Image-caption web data
• • •

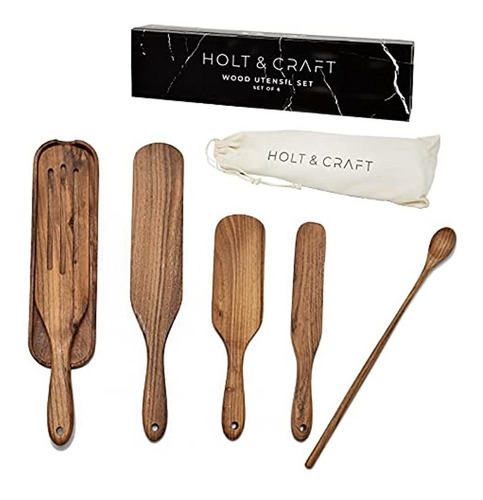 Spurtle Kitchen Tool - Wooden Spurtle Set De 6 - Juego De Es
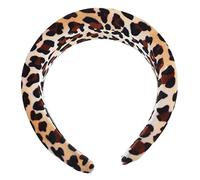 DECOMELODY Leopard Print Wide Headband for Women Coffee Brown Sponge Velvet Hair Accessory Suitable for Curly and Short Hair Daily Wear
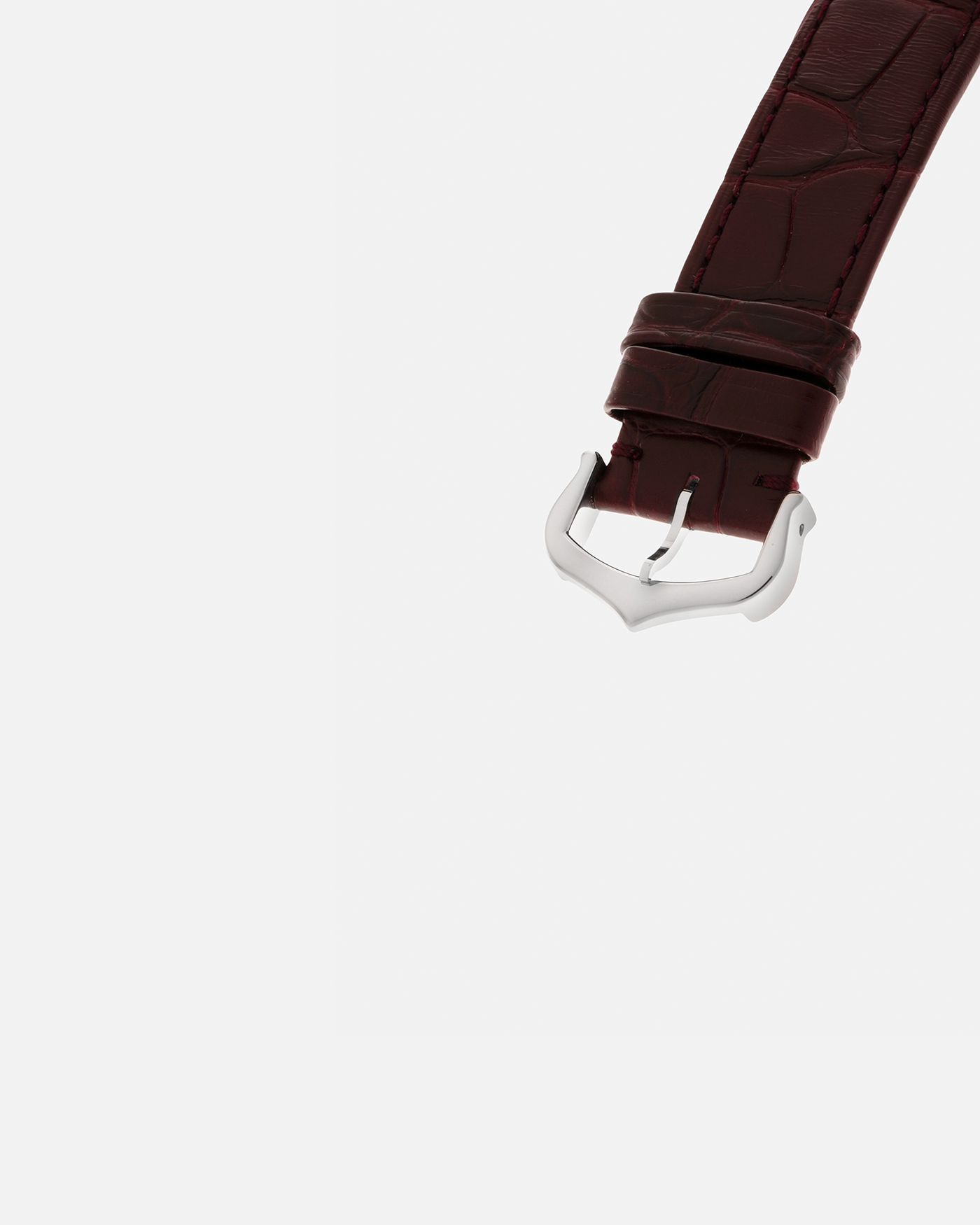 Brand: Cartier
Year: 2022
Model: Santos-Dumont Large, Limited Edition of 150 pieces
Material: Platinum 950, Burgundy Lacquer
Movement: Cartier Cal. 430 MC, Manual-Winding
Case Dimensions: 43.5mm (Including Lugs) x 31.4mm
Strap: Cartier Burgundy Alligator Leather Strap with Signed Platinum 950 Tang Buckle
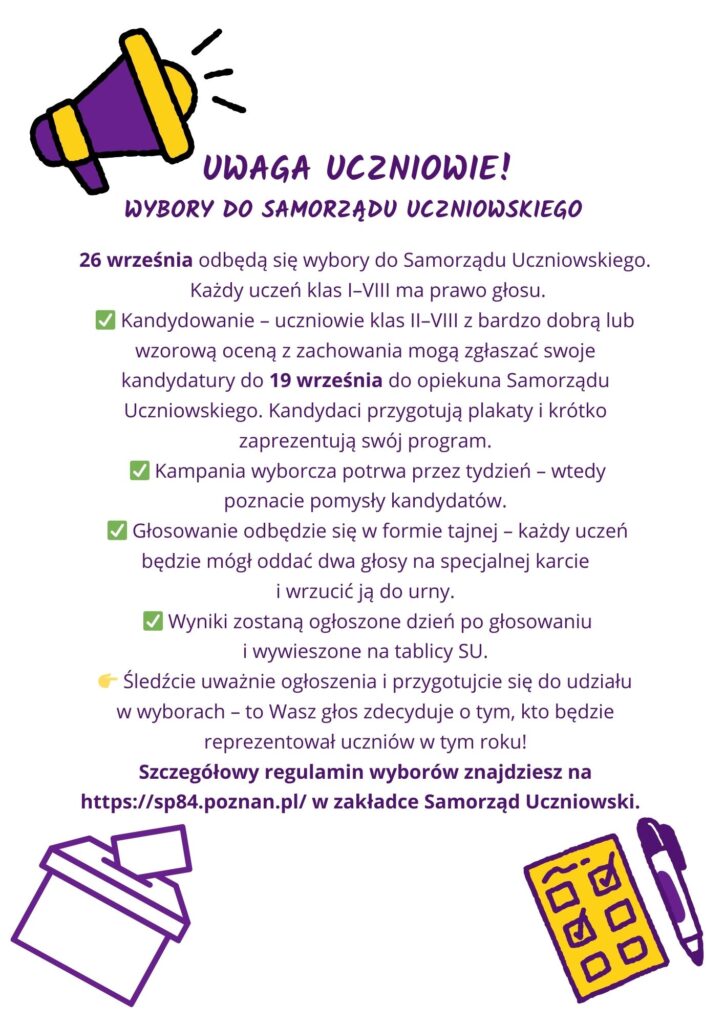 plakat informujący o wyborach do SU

• • •

Task instructions
Scan the data, and report each line that uses the word "Burgundy".

Solution for this problem
Material: Platinum 950, Burgundy Lacquer
Strap: Cartier Burgundy Alligator Leather Strap with Signed Platinum 950 Tang Buckle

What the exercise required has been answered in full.